Submitted by R J on May 24, 2012 at 06:17
Women tend to put on lots of weight during pregnancy and most of it on or around the abdomen. Getting back in shape soon after delivery is a common concern in most women. While there is nothing wrong in pursuing this, it sometimes helps to wait a little. During pregnancy your body goes through a lot of changes, all of which take place to protect the unborn child. It is therefore important to remember that post delivery you need to take care that your efforts to lose weight does not make you cut down on your nutrition.
When you start exercising post a baby, start off with gentle exercises and short duration work outs. You can do floor exercises that help tighten your pelvis. Make sure that you maintain a right posture and keep the spine straight while exercising. You can also start by taking walks especially with the baby. Ideally you should begin your workouts with some gentle stretching or simple breathing exercises to warm your body. You can try gentle aerobics or weight lifting. Do remember to do so with proper trained professionals and they should know that you are a new mother so that they can accordingly modify your workout. Light cycling and swimming also can be good substitutes. Yoga is also an acceptable alternative to heavy workouts but should be done with supervision. Some of the poses for the tummy include pawanmuktasana or the wind pose, bhujangasana or the cobra pose and makrasana or the crab pose.

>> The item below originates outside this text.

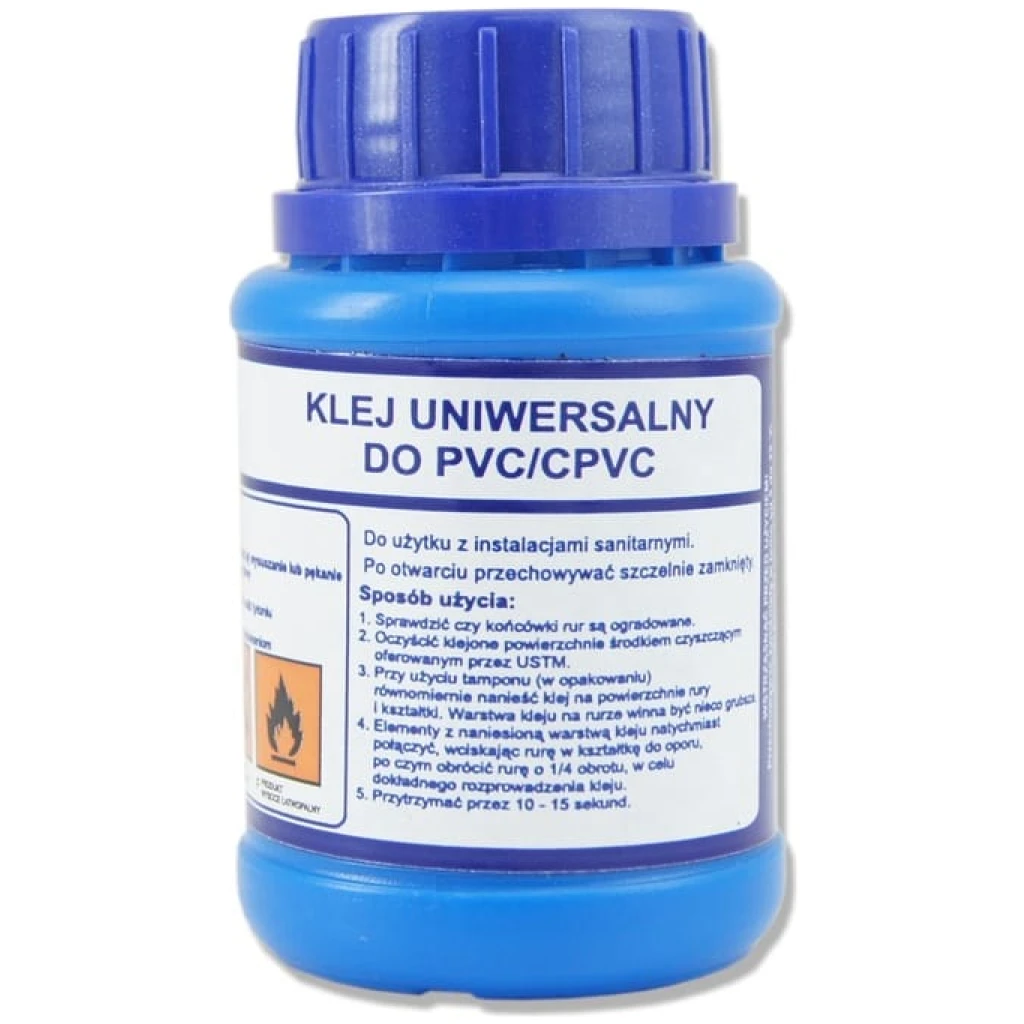 Klej uniwersalny do rur odprowadzających skroplinę PVC z pędzelkiem 120 ml - UST-M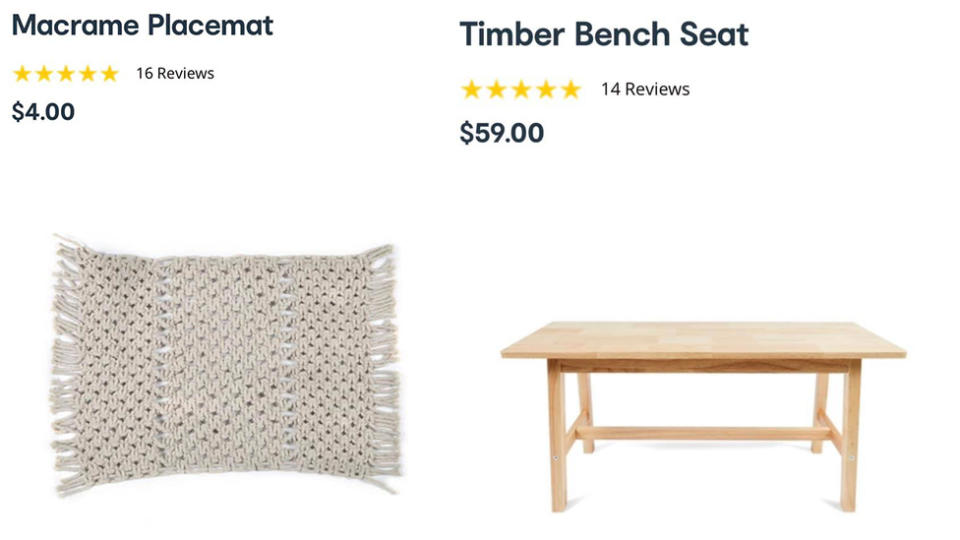 kmart wooden bench seat and macrame placemats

You should also pay attention to what your body is saying. Tiredness is inevitable and rest is very important. Eat a proper balanced diet along with drinking enough water for hydration. Start slow with a few minutes of exercise every day and slowly increase the duration. Remember that though you might want a fit tummy quickly, your body will have a different time line. Be intuitive and alter your workout as needed.